Há mais de dez anos, o desenvolvimento do programa nuclear na República Islâmica é observado com preocupação por Washington e seus aliados na Europa (AFP/AFP Photo)
Agência de notícias
Publicado em 18 de janeiro de 2024 às 13h26.
Em meio à instabilidade geopolítica no Oriente Médio, o Irã assumiu protagonismo em ações ofensivas nesta semana, mostrando suas capacidades de alcançar inimigos além de seu território, com ataques a mísseis e drones contra alvos no Paquistão, Iraque e Síria. Membro do Eixo da Resistência e principal fornecedor de armas para grupos como Hamas, Hezbollah e houthis, Teerã motiva outra preocupação recorrente do Ocidente: o desenvolvimento de armas nucleares.

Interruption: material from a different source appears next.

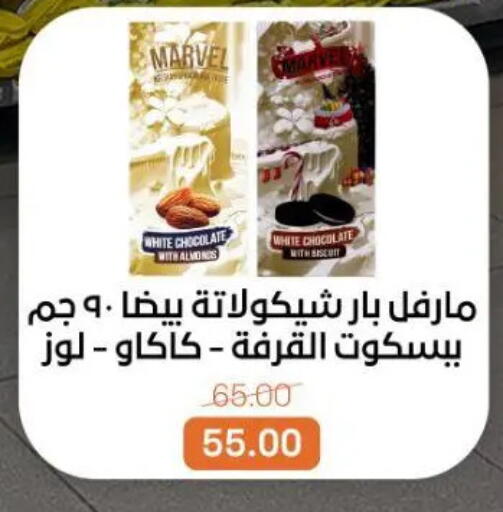 available at Beit El Gomla in Egypt - Cairo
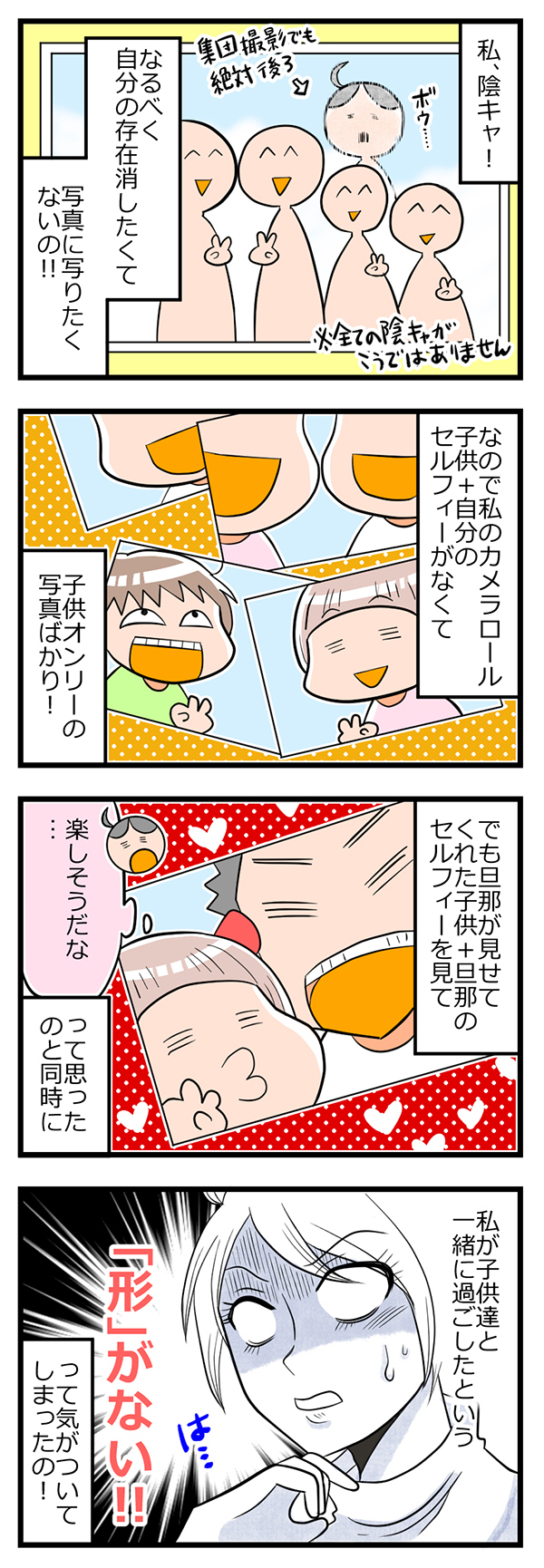 夫と子どものツーショット写真を見て気がついた！ 形に残る思い出の大切さ【ヲタママだっていーじゃない！ 第23話】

Há mais de dez anos, o desenvolvimento do programa nuclear na República Islâmica é observado com preocupação por Washington e seus aliados na Europa, que temem que o desenvolvimento de ogivas atômicas possam criar ainda mais instabilidade em uma região marcada por desacordos geopolíticos entre grupos islâmicos xiitas e sunitas, bem como tensões envolvendo a existência de Israel, principal aliado Ocidental no Oriente Médio.
Sob a liderança do então presidente americano, o democrata Barack Obama (2009-2017), Washington e Teerã costuraram em 2015 um acordo chancelado pelos membros do Conselho de Segurança da ONU e pela União Europeia para manter o desenvolvimento nuclear no país apenas para fins energéticos e pacíficos. Em troca, EUA e UE aceitavam retirar sanções aplicadas ao regime. Contudo, a saída dos EUA do acordo nos anos de Donald Trump (2017-2021) praticamente revogou o acordo — e acelerou a produção de urânio enriquecido (a matéria-prima da bomba atômica) pelo Irã.
De acordo com um relatório da Agência Internacional de Energia Atômica (AIEA), publicado no fim do ano passado, o programa iraniano dispunha de 4.486,8 kg de urânio em 28 de outubro, 22 vezes mais do que os 202,8 kg estabelecidos pelo acordo nuclear de 2015. A mesma agência também registrou uma aceleração no programa de enriquecimento de urânio, estimando que Teerã já dispõe de algo próximo a 128 kg de urânio enriquecido a 60% — para a fabricação de uma bomba atômica no padrão utilizado por EUA e Rússia, esse valor precisa chegar a 90%. Em março do ano passado, a agência notificou ter encontrado "partículas" de urânio enriquecidas com 83,7% de pureza.
A preocupação com o urânio a 60% não é apressada, de acordo com analistas. Em um ensaio publicado em 2021 — quando o enriquecimento do urânio iraniano começou a chamar a atenção das autoridades — o Instituto Internacional para Estudo da Paz de Estocolmo (Sipri, na sigla em inglês), apontou que as centrífugas utilizadas no processo são projetadas para cumprir em etapas. O salto de enriquecimento de 60% para 90%, portanto, poderia acontecer "em um período muito curto", na avaliação dos pesquisadores do instituto.
Autoridades da AIEA consideram a possibilidade de o Irã já ter reunido tecnologia e matéria-prima suficientes para fabricação de ogivas. Contudo, admitem que é difícil ter uma imagem próxima da realidade com as limitações impostas pelo Irã à fiscalização internacional. O presidente da agência, Rafael Grossi, criticou a falta de transparência de Teerã durante uma entrevista à agência Bloomberg, durante o Fórum Econômico Mundial, em Davos, classificando as tentativas de fiscalização como "um ciclo frustrante".
Inspetores da AIEA foram proibidos pelo governo iraniano de entrar em instalações no último ano. Uma fonte diplomática revelou, em dezembro do ano passado, que as autoridades do país teriam vetado ao menos oito especialistas da agência, entre eles franceses e alemães. A fiscalização rotineira das instalações era uma das exigências impostas a Teerã pelo acordo de 2015, que na prática, na ausência dos EUA, não é cumprido.
Publicamente, Teerã nega que o programa nuclear do país tenha qualquer finalidade ofensiva. Ao mesmo tempo, autoridades que administram o desenvolvimento da tecnologia afirmam que o país já reúne capacidades técnicas para produzir uma bomba nuclear. O chefe da Organização de Energia Atômica iraniana, Mohammad Eslami, afirmou, recentemente, que o Irã possui capacidade técnica para fabricar uma bomba atômica, mas que a doutrina militar do país não admite o uso de armas de destruição em massa.